Why was Safe Harbor challenged?

The case was brought about by privacy campaigner Max Schrems following the Snowden revelations.  Mr Schrems had a Facebook account with the European arm of Facebook, headquartered in Ireland.  Facebook shared data with its US counterpart and Schrems objected as he was concerned that US security services would get access to his personal data.  He requested that the Irish Data Protection Commission audit material that Facebook might be passing on. The Commission declined to do this because it said that the export of the personal data was permissible under Safe Harbour.  The matter therefore went to the ECJ.  Schrems argued that since Facebook data was subject to mass surveillance by US intelligence agencies, Safe Harbour did not offer an adequate level of protection.

The ECJ decision follows a legal opinion from Advocate General Yves Bots, an advisor to the court, arguing Safe Harbour should be struck down. "The surveillance carried out by the United States intelligence services is mass, indiscriminate surveillance," Bots said. "In those circumstances, a third country cannot in any event be regarded as ensuring an adequate level of protection."

Consequences of the ruling?

Personal data should no longer be transferred to US firms solely on the basis that they are Safe Harbour certified. Although the Schrems case arose from a complaint about Facebook it applies to all transfers of personal data to the US under Safe Harbour and has far-reaching consequences - thousands of businesses rely on Safe Harbour as a means of moving information to the US from Europe and companies will now have to look to putting replacement measures in place.

The ruling affects both businesses with operations in the US and businesses who use third party services provided from the US particularly where cloud computing or SaaS is used.

The court judgement does not give firms a grace period to revise their arrangements for transfer of personal data to the US.  However, the UK Information Commissioner’s Office has stated today that it recognises that it will take businesses some time to review their compliance with the law and as such is unlikely to take enforcement action immediately.

There are other options for ensuring compliance, however whilst it would technically be possible to use other mechanisms such as approved contractual clauses to legitimise the transfer they are likely to be vulnerable to similar arguments as those made in this case and as such, while they may work as an interim measure, they are unlikely to provide long term protection.  Businesses could legitimise the transfer of data from the EU to America by directly seeking the consent of the data subject. However, this could be extremely difficult to do retrospectively in respect of data which has already been transferred. Also, consent can also be withdrawn at any time which gives rise to practical difficulties in relying on it.
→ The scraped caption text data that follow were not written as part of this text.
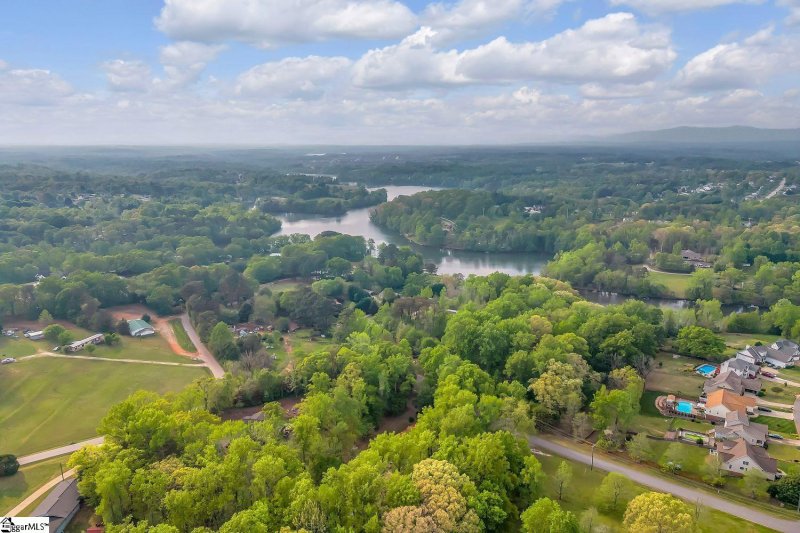 Property image 3 at 112 Walton Court, Greer, SC 29651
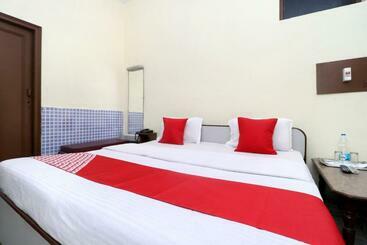 Flagship 70204 Hotel Sun Dew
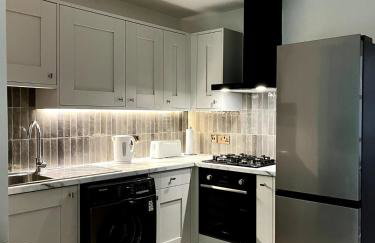 3 Bedroom House with Parking - Foto 4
The EU and the US have been in negotiations for some time in relation to an updated Safe Harbour system.  This ruling may impact on those negotiations. The EU has said it would only finalise the agreement if Europeans are given the right to sue US companies in American courts for misusing their data. The US seemed ready to agree, but it is possible that its politicians will retaliate against the ECJ's ruling by refusing to grant the privilege.
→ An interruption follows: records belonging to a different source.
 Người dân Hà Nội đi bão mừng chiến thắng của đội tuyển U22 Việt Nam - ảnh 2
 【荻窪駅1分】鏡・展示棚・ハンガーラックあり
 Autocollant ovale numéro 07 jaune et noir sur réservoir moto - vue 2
The European Commission and national regulators are holding emergency meetings to consider their response.  The European Commission is giving a press conference later today and we await their explanation on how it plans to react to the ruling.

Expert Opinion
“This decision opens up a huge can of worms for businesses who trade with the US or even those who just have cloud solutions with US providers. The Commission needs to act quickly to come up with a workable alternative to minimise interruption to potentially thousands of businesses in the UK.”